**EXERCISE DESCRIPTION:**
The line containing "I Just Want" marks the end: quote every line from the start of the records below through it, word for word.

=-=-=

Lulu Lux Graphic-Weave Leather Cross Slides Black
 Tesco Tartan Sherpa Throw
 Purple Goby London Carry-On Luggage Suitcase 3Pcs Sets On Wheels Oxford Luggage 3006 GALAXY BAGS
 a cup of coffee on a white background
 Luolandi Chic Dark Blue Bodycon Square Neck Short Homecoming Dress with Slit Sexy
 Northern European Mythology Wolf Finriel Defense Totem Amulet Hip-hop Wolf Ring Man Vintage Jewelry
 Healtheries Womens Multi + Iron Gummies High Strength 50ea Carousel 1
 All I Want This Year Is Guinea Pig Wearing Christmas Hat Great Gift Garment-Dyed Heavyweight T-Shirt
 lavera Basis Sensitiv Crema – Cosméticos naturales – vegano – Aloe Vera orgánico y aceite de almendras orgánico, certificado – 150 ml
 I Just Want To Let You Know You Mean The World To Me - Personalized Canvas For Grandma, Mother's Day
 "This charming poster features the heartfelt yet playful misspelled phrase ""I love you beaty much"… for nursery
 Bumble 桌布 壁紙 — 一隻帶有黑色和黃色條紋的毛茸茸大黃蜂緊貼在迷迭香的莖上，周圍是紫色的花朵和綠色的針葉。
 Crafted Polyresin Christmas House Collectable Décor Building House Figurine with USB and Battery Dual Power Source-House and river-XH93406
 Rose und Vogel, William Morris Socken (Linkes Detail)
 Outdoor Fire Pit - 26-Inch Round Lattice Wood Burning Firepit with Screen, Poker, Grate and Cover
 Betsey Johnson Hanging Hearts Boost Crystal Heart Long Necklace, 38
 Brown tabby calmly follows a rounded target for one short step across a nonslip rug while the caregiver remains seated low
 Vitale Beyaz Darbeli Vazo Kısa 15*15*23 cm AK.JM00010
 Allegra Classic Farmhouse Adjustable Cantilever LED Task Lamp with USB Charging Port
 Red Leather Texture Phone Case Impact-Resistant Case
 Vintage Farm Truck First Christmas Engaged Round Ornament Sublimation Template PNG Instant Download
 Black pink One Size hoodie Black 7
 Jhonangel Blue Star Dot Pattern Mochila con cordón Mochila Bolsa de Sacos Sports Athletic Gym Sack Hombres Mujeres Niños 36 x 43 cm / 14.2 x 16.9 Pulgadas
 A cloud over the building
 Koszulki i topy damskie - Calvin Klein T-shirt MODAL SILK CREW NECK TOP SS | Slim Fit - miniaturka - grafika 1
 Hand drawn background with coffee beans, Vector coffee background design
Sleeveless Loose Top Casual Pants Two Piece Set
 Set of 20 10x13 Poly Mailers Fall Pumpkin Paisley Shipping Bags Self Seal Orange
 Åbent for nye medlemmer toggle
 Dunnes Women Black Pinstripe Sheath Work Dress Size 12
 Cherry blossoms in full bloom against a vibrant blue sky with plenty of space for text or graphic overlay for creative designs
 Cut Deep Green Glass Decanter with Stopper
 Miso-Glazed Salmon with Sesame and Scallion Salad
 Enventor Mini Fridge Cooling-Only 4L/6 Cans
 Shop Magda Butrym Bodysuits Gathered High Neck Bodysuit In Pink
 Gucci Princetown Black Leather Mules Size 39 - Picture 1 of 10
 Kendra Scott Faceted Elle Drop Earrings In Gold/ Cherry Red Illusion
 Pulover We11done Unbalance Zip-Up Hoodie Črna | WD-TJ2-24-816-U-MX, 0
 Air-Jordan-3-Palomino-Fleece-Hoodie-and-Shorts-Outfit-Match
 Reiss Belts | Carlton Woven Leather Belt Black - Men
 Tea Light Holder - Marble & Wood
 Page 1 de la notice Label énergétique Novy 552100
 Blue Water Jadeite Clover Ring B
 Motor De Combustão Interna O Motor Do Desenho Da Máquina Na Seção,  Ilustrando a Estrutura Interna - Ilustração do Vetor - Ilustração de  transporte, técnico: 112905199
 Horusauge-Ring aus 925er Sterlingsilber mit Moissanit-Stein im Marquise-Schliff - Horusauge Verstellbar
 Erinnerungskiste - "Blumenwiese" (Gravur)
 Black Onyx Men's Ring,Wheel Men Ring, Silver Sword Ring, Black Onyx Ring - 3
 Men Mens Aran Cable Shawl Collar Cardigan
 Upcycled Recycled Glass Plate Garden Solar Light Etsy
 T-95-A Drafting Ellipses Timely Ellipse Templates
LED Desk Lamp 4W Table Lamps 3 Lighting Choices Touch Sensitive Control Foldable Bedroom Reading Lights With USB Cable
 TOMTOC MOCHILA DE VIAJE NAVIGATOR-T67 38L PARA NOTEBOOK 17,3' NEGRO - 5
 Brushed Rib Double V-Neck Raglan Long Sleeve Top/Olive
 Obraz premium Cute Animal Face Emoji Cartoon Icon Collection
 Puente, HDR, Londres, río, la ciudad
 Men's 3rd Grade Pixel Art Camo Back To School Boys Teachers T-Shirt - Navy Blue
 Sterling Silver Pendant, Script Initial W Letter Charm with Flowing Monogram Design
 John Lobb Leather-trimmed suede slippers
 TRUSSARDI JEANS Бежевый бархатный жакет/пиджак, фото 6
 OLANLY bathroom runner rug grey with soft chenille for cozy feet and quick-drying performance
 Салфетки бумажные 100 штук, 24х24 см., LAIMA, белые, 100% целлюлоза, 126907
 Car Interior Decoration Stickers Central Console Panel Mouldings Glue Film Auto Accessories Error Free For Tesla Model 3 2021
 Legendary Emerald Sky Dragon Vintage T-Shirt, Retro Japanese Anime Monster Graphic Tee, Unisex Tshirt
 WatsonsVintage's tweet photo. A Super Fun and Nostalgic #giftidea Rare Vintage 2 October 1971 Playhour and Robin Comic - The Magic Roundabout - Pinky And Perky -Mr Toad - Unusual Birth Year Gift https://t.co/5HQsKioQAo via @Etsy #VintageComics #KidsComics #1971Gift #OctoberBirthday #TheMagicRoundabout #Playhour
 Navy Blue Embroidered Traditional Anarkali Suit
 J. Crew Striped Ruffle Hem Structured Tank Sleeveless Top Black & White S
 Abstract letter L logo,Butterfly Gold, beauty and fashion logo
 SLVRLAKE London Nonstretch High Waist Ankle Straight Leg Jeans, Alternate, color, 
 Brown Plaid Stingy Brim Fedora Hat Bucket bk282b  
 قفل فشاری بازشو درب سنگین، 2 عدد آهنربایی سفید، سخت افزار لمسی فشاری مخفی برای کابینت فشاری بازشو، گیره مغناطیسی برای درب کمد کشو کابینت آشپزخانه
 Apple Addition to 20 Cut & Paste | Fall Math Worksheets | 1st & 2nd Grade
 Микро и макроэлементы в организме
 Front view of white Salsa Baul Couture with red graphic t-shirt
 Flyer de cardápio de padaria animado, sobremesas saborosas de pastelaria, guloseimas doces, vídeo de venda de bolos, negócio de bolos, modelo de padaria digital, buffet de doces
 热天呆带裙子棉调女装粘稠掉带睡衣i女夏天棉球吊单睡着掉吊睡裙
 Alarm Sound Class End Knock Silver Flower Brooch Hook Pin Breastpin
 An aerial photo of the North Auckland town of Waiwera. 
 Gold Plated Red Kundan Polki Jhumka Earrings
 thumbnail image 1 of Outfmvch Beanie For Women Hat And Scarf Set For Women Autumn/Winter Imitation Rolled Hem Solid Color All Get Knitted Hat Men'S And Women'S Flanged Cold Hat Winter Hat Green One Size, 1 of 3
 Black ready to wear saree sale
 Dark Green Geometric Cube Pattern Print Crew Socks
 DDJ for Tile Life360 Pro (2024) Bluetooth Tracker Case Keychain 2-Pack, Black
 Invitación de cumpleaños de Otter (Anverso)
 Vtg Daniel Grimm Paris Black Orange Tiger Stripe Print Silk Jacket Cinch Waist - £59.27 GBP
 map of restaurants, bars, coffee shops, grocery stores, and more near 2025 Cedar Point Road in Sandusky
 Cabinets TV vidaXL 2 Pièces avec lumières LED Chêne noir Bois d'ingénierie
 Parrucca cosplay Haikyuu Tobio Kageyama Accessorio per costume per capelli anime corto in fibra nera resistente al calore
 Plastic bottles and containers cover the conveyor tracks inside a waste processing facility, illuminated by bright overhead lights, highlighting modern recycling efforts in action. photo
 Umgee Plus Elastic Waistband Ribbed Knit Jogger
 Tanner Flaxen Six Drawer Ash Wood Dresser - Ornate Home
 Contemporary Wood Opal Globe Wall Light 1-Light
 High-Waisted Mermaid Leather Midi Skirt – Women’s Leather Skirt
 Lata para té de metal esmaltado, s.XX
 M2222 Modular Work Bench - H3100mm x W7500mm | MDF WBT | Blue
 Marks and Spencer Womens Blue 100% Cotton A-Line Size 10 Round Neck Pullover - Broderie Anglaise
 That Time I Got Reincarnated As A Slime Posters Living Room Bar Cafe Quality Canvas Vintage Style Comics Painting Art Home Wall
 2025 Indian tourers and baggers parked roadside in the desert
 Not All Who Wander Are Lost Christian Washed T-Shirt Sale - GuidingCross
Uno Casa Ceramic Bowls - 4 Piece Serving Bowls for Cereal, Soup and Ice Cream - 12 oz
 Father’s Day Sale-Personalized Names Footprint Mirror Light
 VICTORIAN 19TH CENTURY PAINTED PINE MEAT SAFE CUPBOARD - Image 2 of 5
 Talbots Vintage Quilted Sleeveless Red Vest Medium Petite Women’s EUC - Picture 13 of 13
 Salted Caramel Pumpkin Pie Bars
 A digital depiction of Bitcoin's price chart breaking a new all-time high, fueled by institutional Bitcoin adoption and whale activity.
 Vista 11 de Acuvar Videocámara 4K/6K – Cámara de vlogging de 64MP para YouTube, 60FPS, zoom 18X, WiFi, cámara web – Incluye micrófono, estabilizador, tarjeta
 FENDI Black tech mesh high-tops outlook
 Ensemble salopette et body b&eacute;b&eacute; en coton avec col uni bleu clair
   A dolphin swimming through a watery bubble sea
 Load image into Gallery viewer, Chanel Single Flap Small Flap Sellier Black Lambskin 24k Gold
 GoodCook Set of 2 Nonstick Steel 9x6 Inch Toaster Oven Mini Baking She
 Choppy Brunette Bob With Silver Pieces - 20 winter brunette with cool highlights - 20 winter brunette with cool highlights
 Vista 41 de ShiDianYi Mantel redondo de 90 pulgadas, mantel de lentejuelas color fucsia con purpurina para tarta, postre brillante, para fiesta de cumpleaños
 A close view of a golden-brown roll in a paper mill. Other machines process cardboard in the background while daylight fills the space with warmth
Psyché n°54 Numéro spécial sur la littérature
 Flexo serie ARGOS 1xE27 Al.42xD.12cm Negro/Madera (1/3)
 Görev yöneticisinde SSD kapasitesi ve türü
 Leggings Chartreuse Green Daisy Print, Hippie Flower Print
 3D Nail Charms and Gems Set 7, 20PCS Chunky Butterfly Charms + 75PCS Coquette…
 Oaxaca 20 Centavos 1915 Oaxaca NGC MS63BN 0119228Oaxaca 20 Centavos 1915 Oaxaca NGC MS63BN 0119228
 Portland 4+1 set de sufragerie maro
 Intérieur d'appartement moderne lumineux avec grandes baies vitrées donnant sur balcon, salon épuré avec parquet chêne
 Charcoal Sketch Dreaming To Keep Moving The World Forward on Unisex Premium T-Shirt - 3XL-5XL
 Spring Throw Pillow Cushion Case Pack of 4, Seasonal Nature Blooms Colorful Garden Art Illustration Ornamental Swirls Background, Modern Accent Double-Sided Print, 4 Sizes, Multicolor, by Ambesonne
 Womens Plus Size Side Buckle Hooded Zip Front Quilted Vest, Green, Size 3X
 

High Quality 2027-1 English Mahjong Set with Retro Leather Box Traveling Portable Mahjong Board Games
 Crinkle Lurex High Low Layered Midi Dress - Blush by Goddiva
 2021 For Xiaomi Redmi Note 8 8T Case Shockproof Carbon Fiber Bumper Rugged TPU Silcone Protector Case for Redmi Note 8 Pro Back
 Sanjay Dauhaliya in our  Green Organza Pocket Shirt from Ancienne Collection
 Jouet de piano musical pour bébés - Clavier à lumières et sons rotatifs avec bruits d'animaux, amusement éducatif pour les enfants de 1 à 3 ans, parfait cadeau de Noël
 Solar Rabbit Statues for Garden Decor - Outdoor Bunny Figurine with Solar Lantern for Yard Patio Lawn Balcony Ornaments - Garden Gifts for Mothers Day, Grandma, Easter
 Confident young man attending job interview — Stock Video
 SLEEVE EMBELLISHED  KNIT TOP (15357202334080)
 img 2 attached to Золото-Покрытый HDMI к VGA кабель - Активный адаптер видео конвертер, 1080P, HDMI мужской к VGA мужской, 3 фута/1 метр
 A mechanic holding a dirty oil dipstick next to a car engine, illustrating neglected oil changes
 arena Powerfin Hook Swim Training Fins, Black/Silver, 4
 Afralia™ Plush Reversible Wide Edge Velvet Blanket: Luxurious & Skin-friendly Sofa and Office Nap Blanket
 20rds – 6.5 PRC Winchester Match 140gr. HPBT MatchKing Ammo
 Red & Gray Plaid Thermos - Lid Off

=-=-=

**ANSWER AREA:**
Lulu Lux Graphic-Weave Leather Cross Slides Black
 Tesco Tartan Sherpa Throw
 Purple Goby London Carry-On Luggage Suitcase 3Pcs Sets On Wheels Oxford Luggage 3006 GALAXY BAGS
 a cup of coffee on a white background
 Luolandi Chic Dark Blue Bodycon Square Neck Short Homecoming Dress with Slit Sexy
 Northern European Mythology Wolf Finriel Defense Totem Amulet Hip-hop Wolf Ring Man Vintage Jewelry
 Healtheries Womens Multi + Iron Gummies High Strength 50ea Carousel 1
 All I Want This Year Is Guinea Pig Wearing Christmas Hat Great Gift Garment-Dyed Heavyweight T-Shirt
 lavera Basis Sensitiv Crema – Cosméticos naturales – vegano – Aloe Vera orgánico y aceite de almendras orgánico, certificado – 150 ml
 I Just Want To Let You Know You Mean The World To Me - Personalized Canvas For Grandma, Mother's Day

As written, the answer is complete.